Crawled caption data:

--- START ---

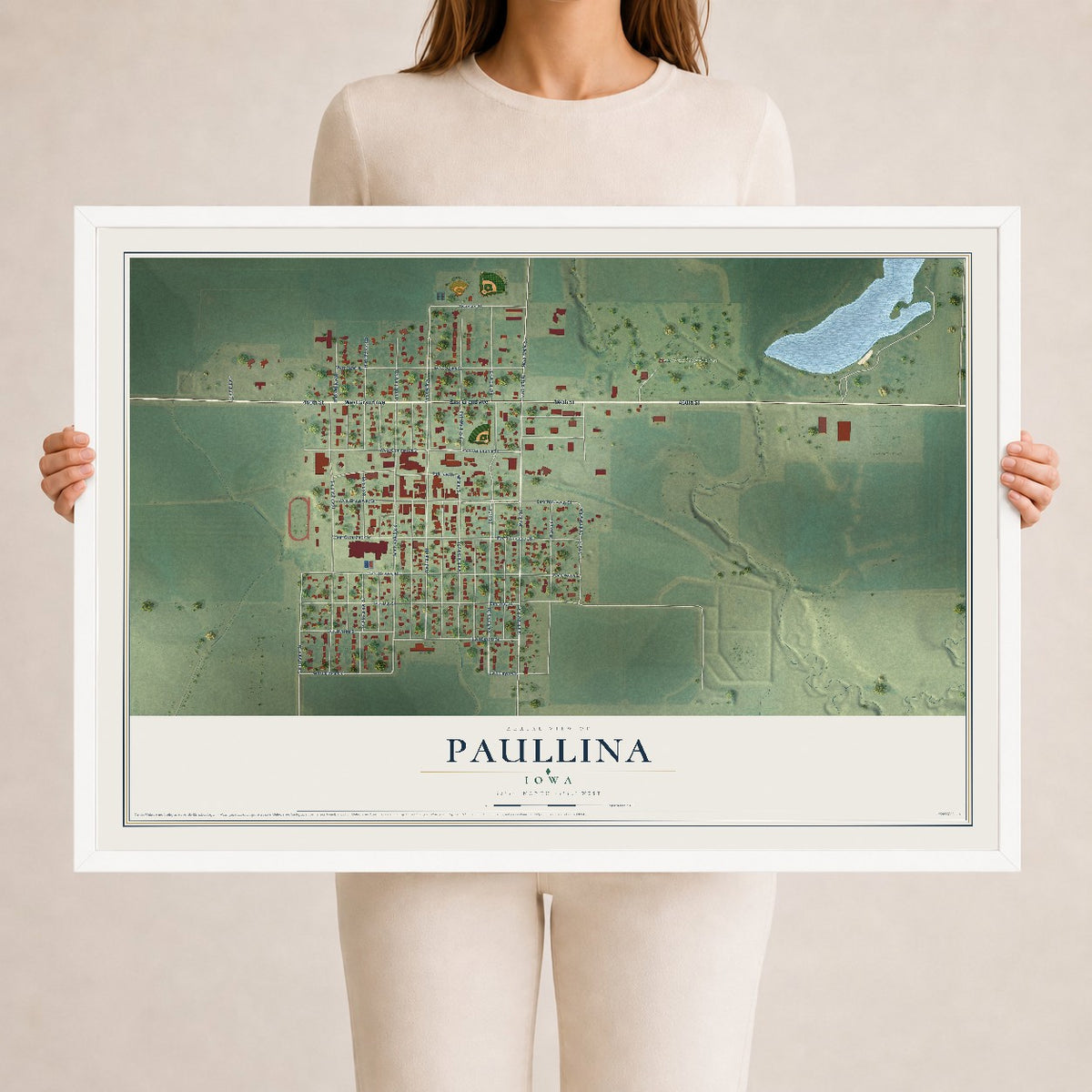 Map of Paullina, Iowa, 24 x 36 inch print in a white wood frame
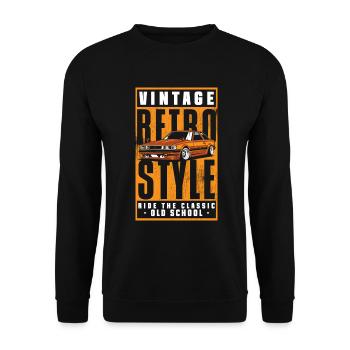 Automobile Vintage Car Mechanic Engine - Unisex Sweatshirt - black - Front - Alina (178cm) & Michal (187cm)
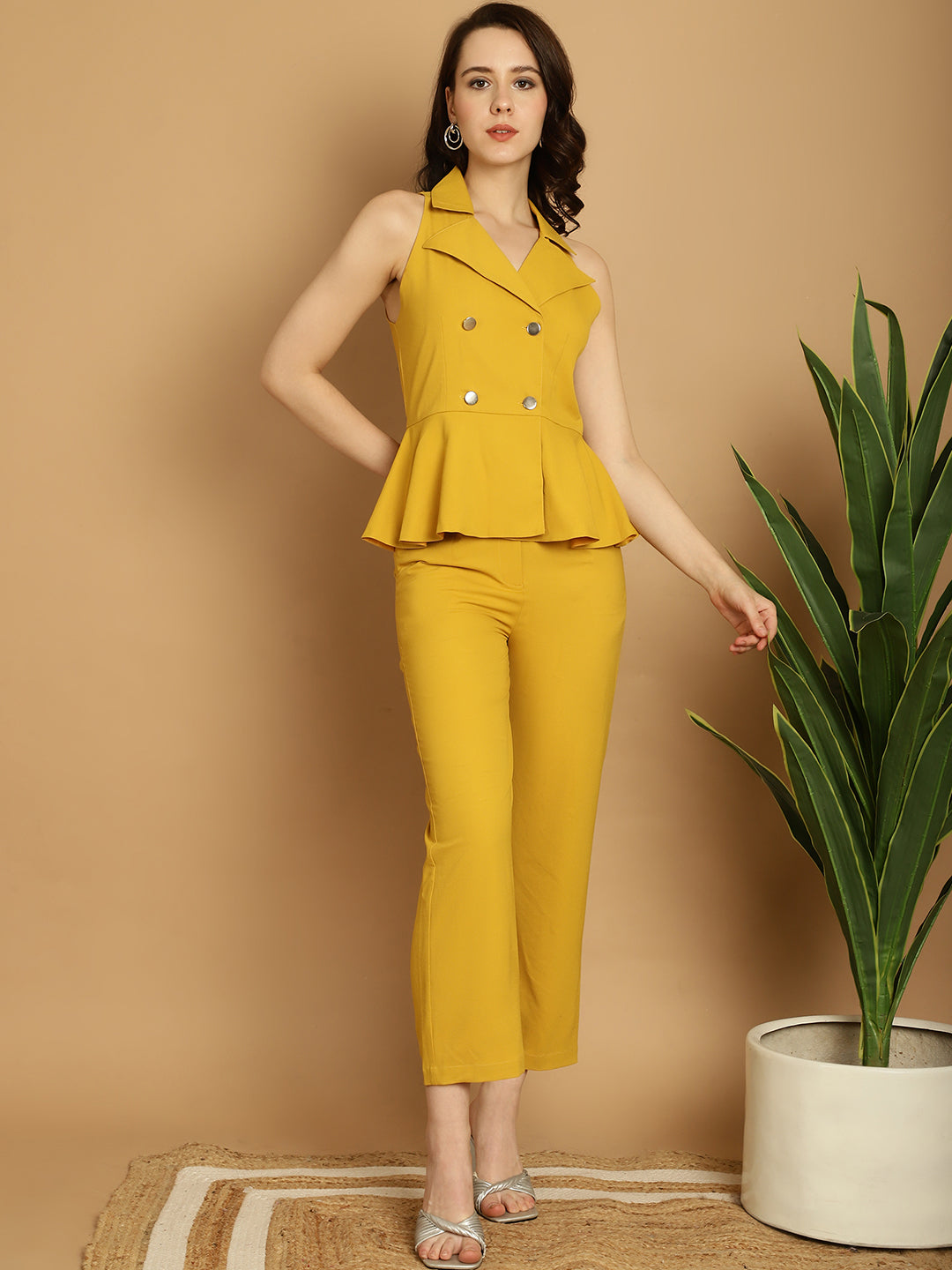 BLANC9 Mustard Yellow Peplum Blazer Top With Trouser -B9ST74Y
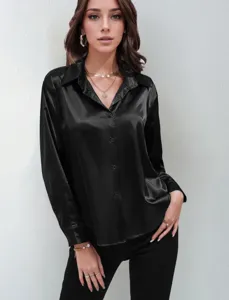 Detailed view of the elegant black satin long-sleeve button-down shirt with classic collar.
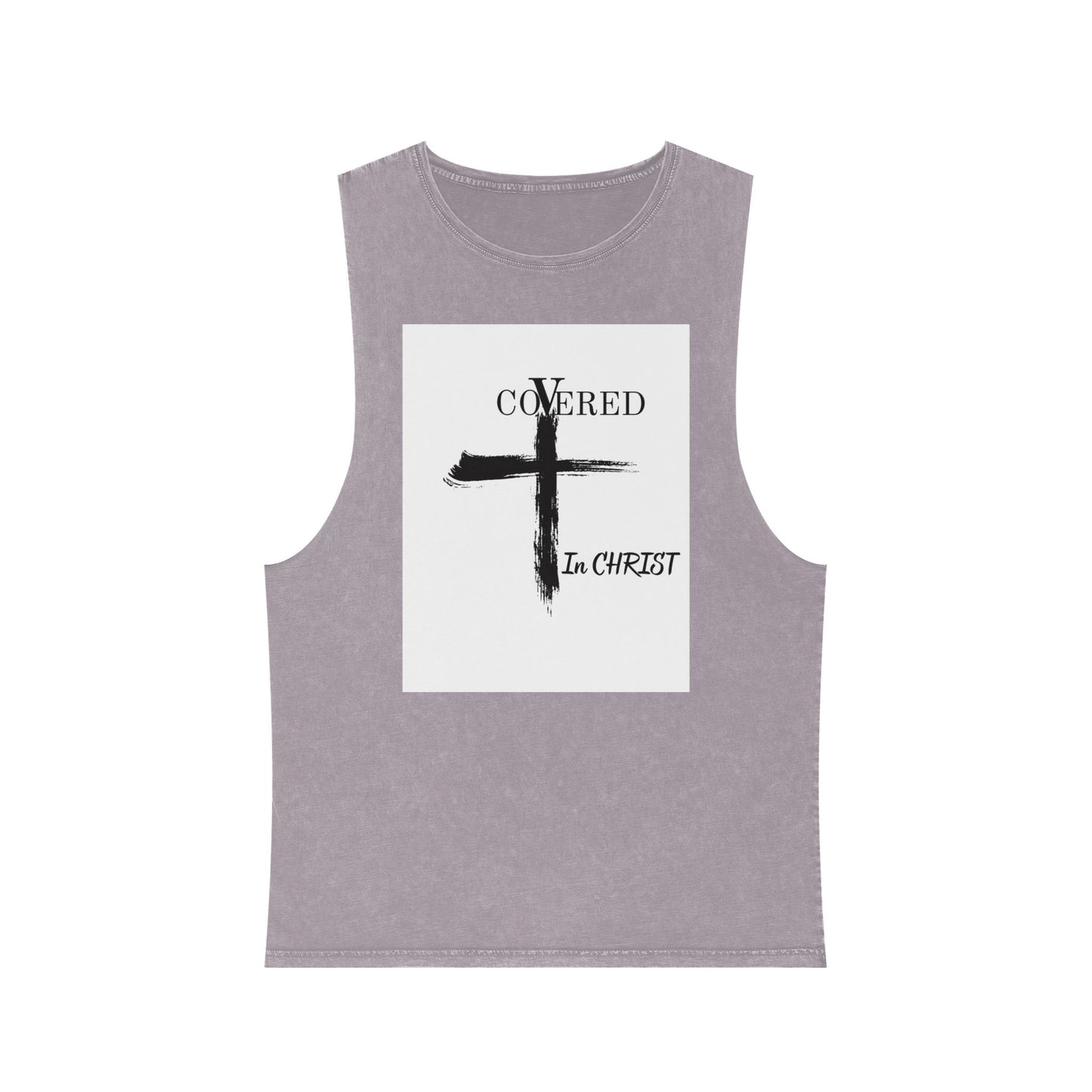 Unisex Stonewash Tank Top - Covered in Christ Design, Inspirational Christian Tank, Casual Summer Wear, Faith-Based Apparel, Perfect Gift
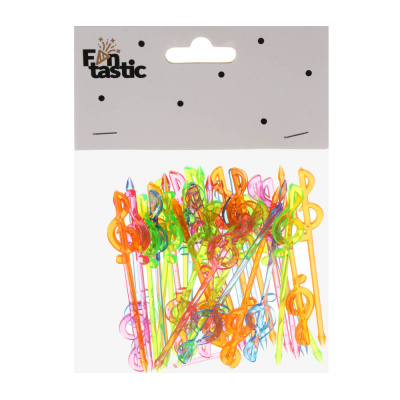 Пики декоративные тм Fntastic, 35шт, 80-85мм, "Скрипичный ключ", "Карты", пластик, 2 вида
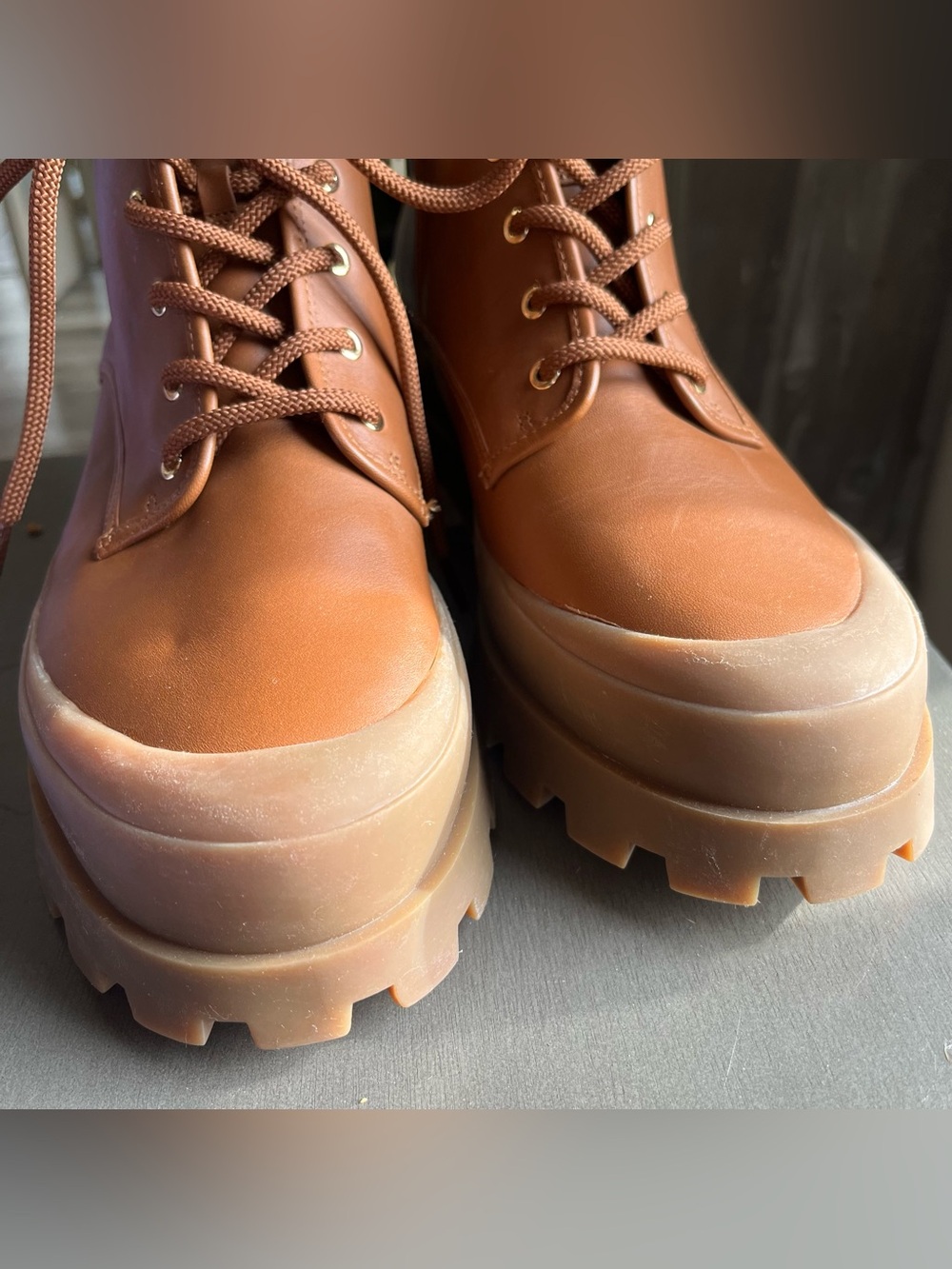 MICHAEL KORS Payton Leather Combat Boot Luggage Color Size 10 New - Picture 9 of 10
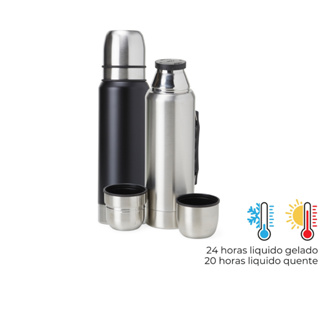 Garrafa Térmica 1 Litro Inox Parede Dupla com Alça 2 Tampas que Viram Copo em Oferta na Shopee
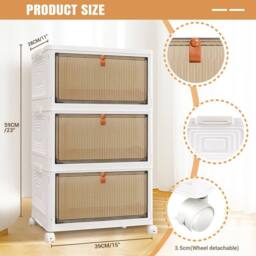 EONLION 3Tier Plastic Storage Drawers Box Tower in White - Size: 500mm - thumbnail 2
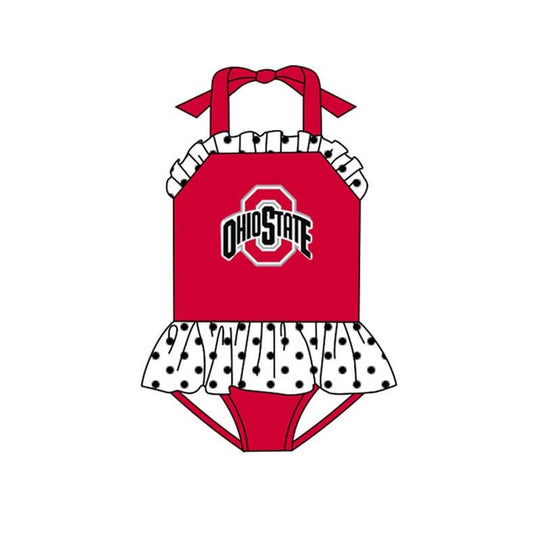 custom style OHIO STATE red girls bathing swimsuits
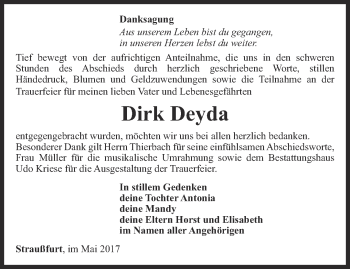 Traueranzeige von Dirk Deyda von Thüringer Allgemeine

--- END ---

Reproduce each entry precisely; the pictures stay out.

Response area:
 Map of Paullina, Iowa, 24 x 36 inch print in a white wood frame
 Automobile Vintage Car Mechanic Engine - Unisex Sweatshirt - black - Front - Alina (178cm) & Michal (187cm)
 BLANC9 Mustard Yellow Peplum Blazer Top With Trouser -B9ST74Y
 Detailed view of the elegant black satin long-sleeve button-down shirt with classic collar.
 Unisex Stonewash Tank Top - Covered in Christ Design, Inspirational Christian Tank, Casual Summer Wear, Faith-Based Apparel, Perfect Gift
 Пики декоративные тм Fntastic, 35шт, 80-85мм, "Скрипичный ключ", "Карты", пластик, 2 вида
 MICHAEL KORS Payton Leather Combat Boot Luggage Color Size 10 New - Picture 9 of 10
 Garrafa Térmica 1 Litro Inox Parede Dupla com Alça 2 Tampas que Viram Copo em Oferta na Shopee
 EONLION 3Tier Plastic Storage Drawers Box Tower in White - Size: 500mm - thumbnail 2
 custom style OHIO STATE red girls bathing swimsuits
 Traueranzeige von Dirk Deyda von Thüringer Allgemeine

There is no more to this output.